De acordo com o relatório da operação, o açougue fabricava embutidos e processava carnes clandestinamente, sem o registro obrigatório do Serviço de Inspeção Municipal (SIM). No local, linguiças eram armazenadas sem qualquer rotulagem e peças congeladas seguiam sem identificação de origem ou validade.

O ponto mais crítico detectado pela perícia foi a estrutura física do comércio. A sala de manipulação de alimentos funcionava em condições precárias de conservação. Os policiais encontraram uma tampa de acesso à rede de esgoto instalada diretamente no chão do cômodo onde as carnes eram cortadas e preparadas para a venda.

Toda a mercadoria recolhida — que incluía carne bovina, frango, fígado, coração, pescados, ossos e linguiças — foi considerada de alto risco para a saúde pública e destruída imediatamente.

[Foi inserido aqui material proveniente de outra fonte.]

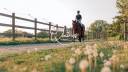 Equestrian property  Val-d'Oise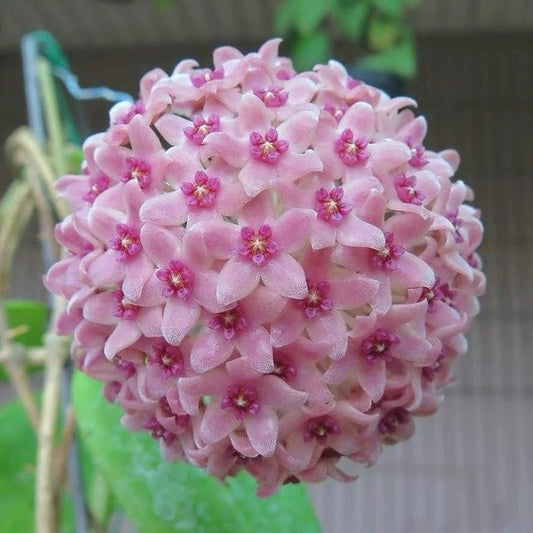 漢西亞粉毬蘭（ Hoya hanhiae ‘ pink’ ）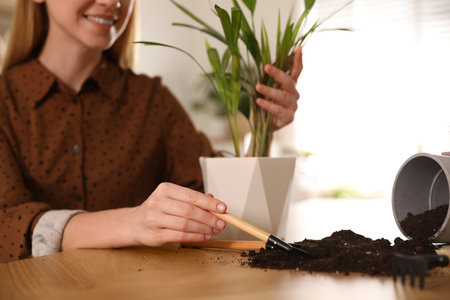 Young woman potting beautiful plant at home, closeup. Engaging hobbyの写真素材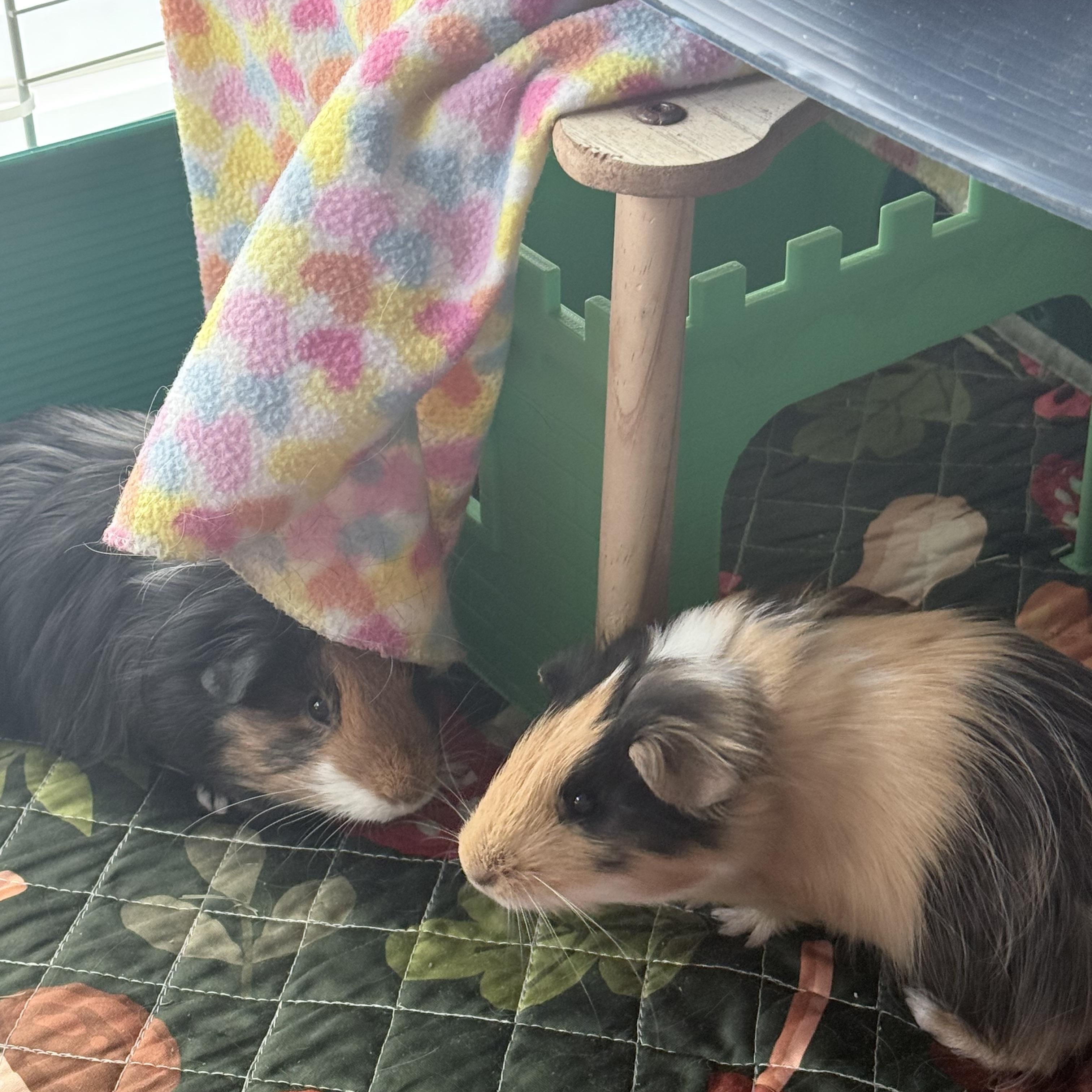Enlarge Pacha (Bonded with Kuzco), a ADOPTABLE Peruvian in Frederick, MD image 4/4
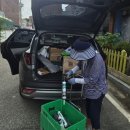 청심로 Daum카페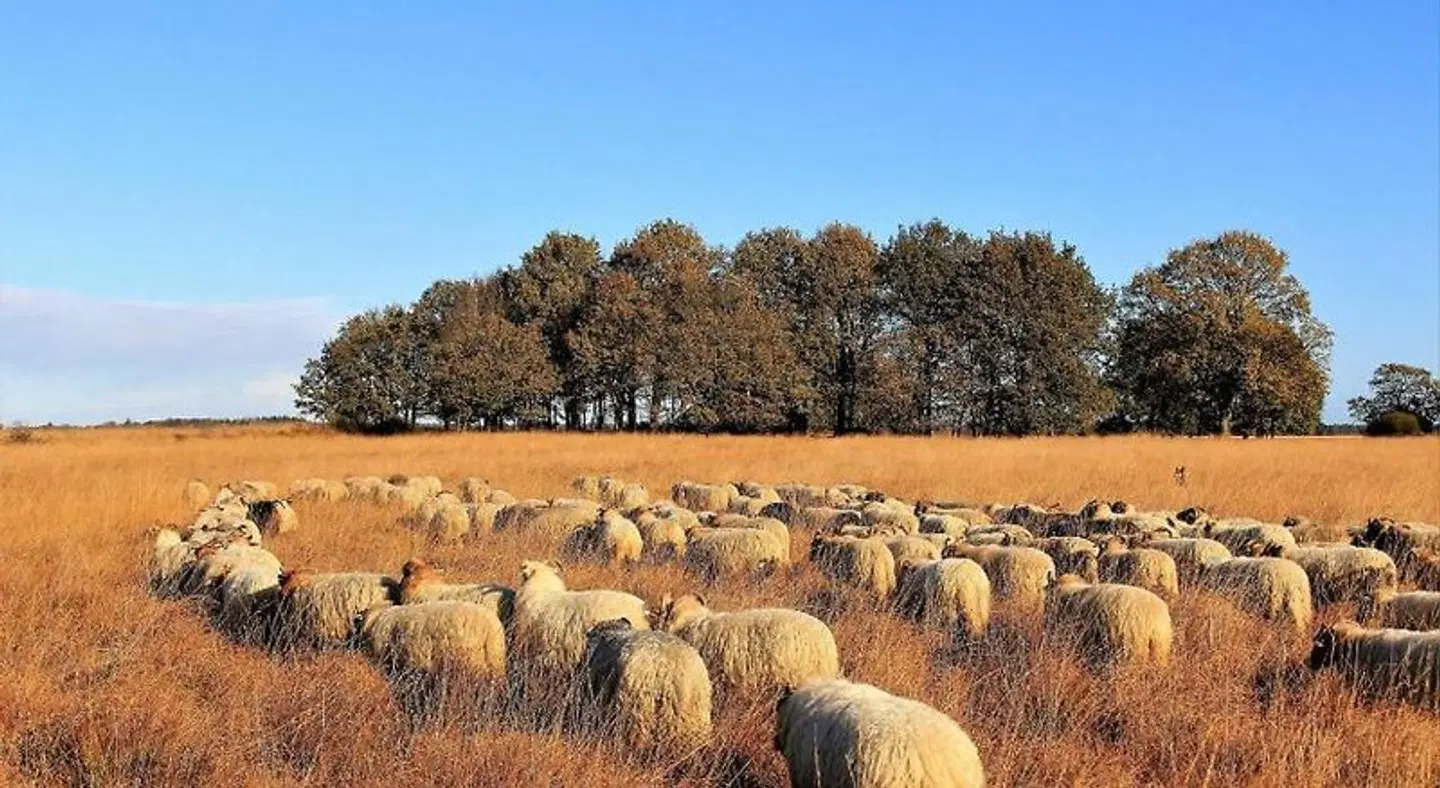B&B De Achterdiek Tiere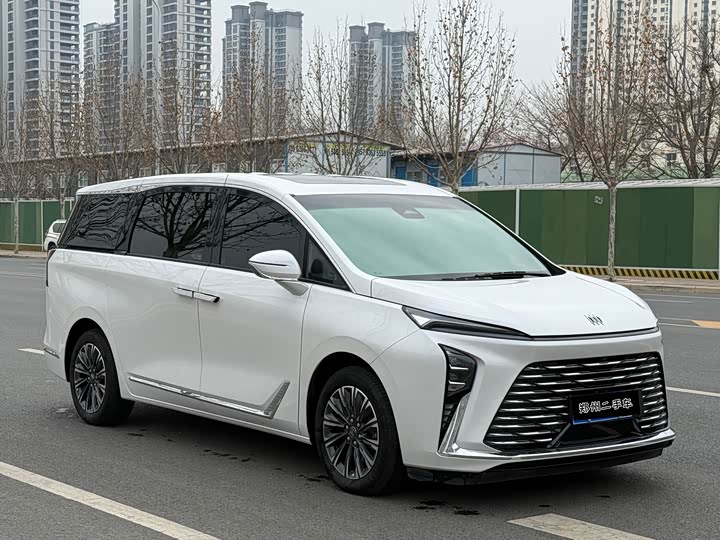 Buick GL8 ES 2025 2025款 陆尊 尊享版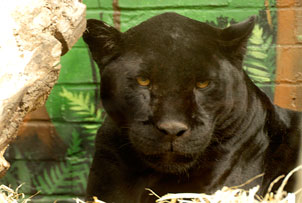 Unbranded World Animal Tour for 4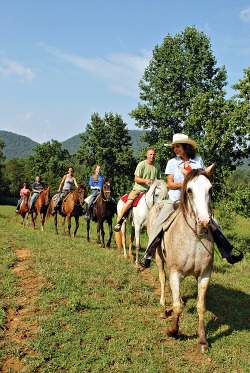 a day of horseback-riding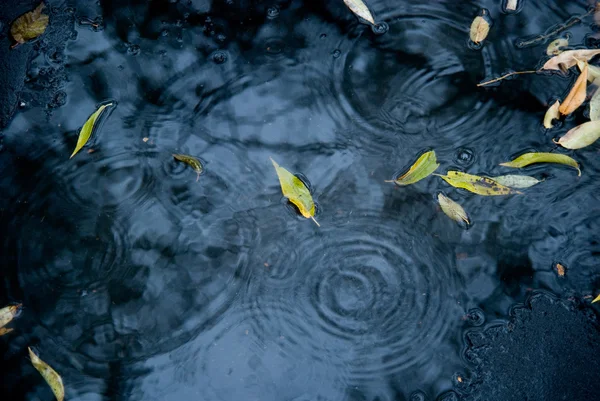 Drops of rain water on a fresh asphalt — Stock Photo, Image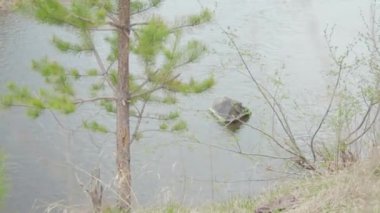 Bahar sahne için çim göl manzaralı. Hisse senedi. Sakin manzara
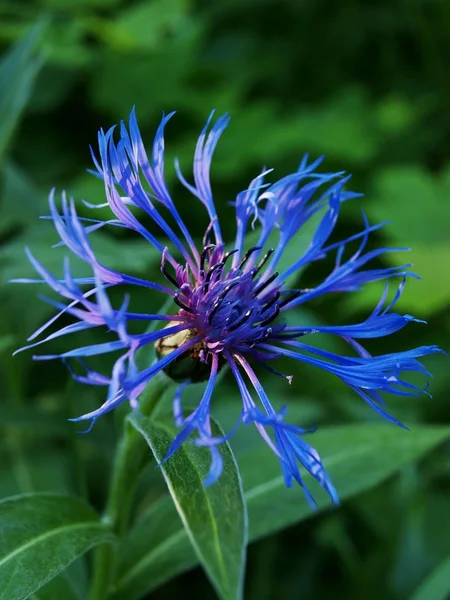 Flor de milho azul — Fotografia de Stock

O gerente do açougue apresentou a documentação do responsável técnico do local. Segundo a Decon, ambos podem ser responsabilizados criminalmente ao final do inquérito. Os envolvidos devem responder por crime contra as relações de consumo, com base no artigo 7º da Lei nº 8.137/1990. Se condenados, a pena pode chegar a cinco anos de detenção.